The expected output is every line of the data exactly as shown, minus the images.

(Information supplied Opens)

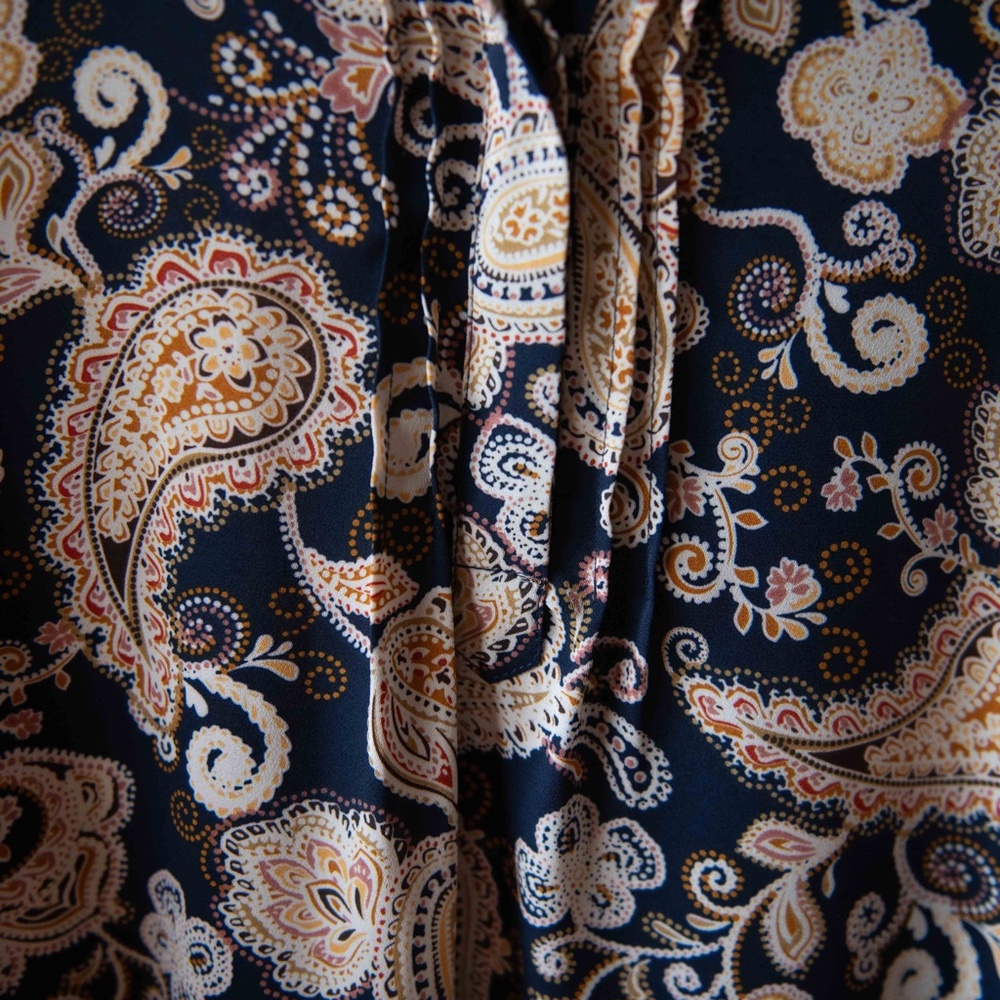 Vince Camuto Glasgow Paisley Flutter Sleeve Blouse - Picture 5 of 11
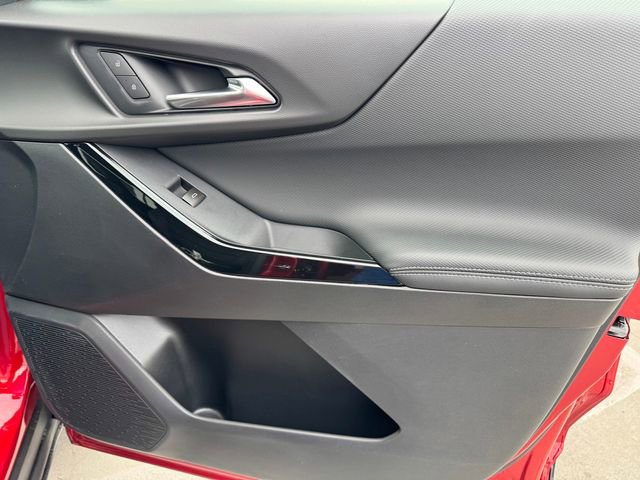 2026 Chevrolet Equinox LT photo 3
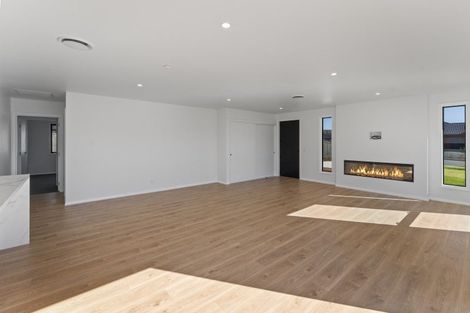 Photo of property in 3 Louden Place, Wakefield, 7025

(Information supplied Closes)

**Written answer:**
 Vince Camuto Glasgow Paisley Flutter Sleeve Blouse - Picture 5 of 11
 2026 Chevrolet Equinox LT photo 3
 Photo of property in 3 Louden Place, Wakefield, 7025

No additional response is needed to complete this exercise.